Species of annelid worm

Acanthobdella peledina is a species of leech-like clitellate in the order Acanthobdellida. It feeds on the skin and blood of freshwater fishes in the boreal regions of northern Europe, Asia and North America.

==Taxonomy==
The taxonomy of Acanthobdellida has been contentious for many years, but it is now recognized as the sister group to leeches. Acanthobdella peledina was first described by the German zoologist Adolph Eduard Grube in 1851. For a long time, it was believed to be the only species in the order, but in 1966, another species, Paracanthobdella livanowi, was described from the vicinity of the Kamchatka Peninsula in eastern Siberia.

==Description==
A. peledina differs from leeches in not having a well-developed sucker at its anterior end; instead, it attaches to its host with about forty hooked chaetae (chitinous bristles) borne on its first five segments. It is in fact unique among Hirudinea in having chaetae at all, and also in having a coelom (body cavity) divided by septa into a discontinuous channel. Other ways in which it differs from other leeches are that the body is divided into 29 segments, it lacks a prostomium and a peristomium, and the nephridia do not have funnels. It has a sucker at the posterior end, and moves in a leech-like fashion by alternately extending its anterior end forward, then clinging on with its hooked chaetae while it brings its posterior sucker close to its front end.

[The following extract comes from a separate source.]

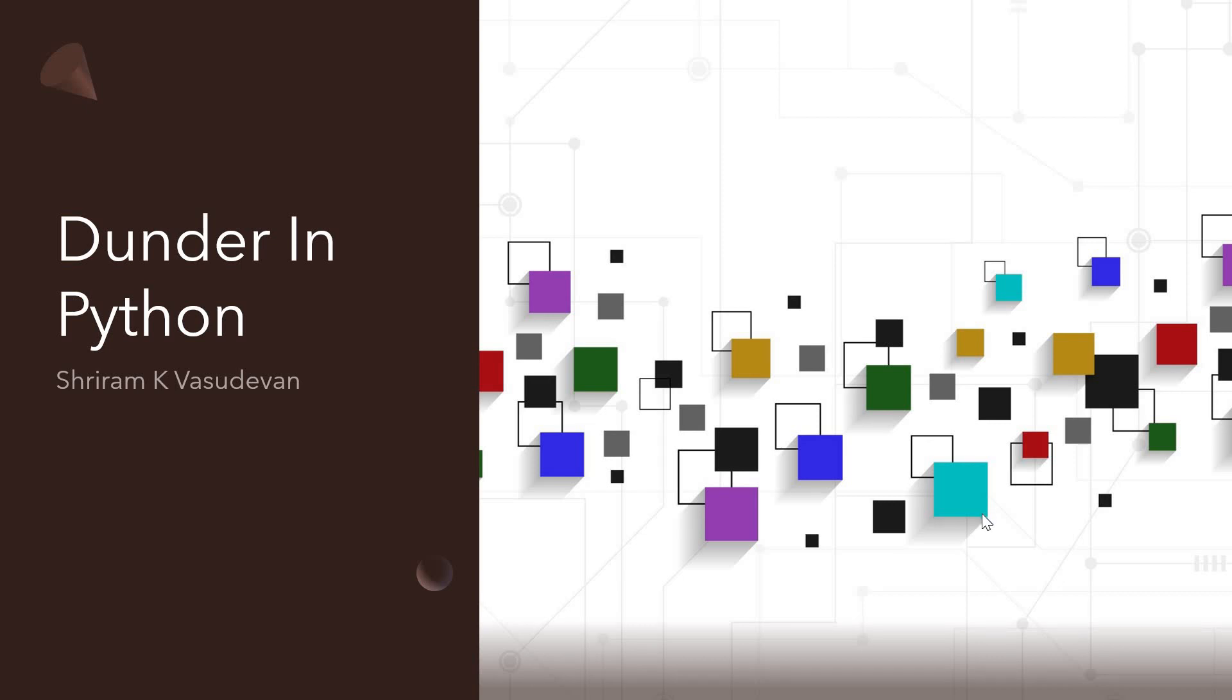Hey friends, welcome back. In this session we are going to learn something called Dunder in Python.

The leeches are cylindrical, olive green and 0.9-3.3 cm in length.

==Distribution==
A. peledina occurring mainly in Fennoscandia. It has a boreal distribution and is known from freshwater locations in northern Europe and Asia, and from Alaska. In addition 16 localities are know from Siberia.

==Ecology==
Acanthobdella peledina is a cold adapted parasite species. It is a fish parasite living mainly on the skin of salmonid fishes in Fennoscandiae. One of the fish in Alaska parasitized by A. peledina is the sardine cisco (Coregonus sardinella). The worms were found just behind the pelvic fins with their anterior ends embedded in the skin and muscle tissue below. A. peledina attaches to the body of fish, feeding on blood, skin, fins and flesh, but this parasites are not harmful to humans and the fish can be cleaned and cooked as usual.

A. peledina occurs in cold water lakes in Fennoscandia. Alpine and Arctic ecosystems are sensitive to warming which may pose a serios threat to this cold water species.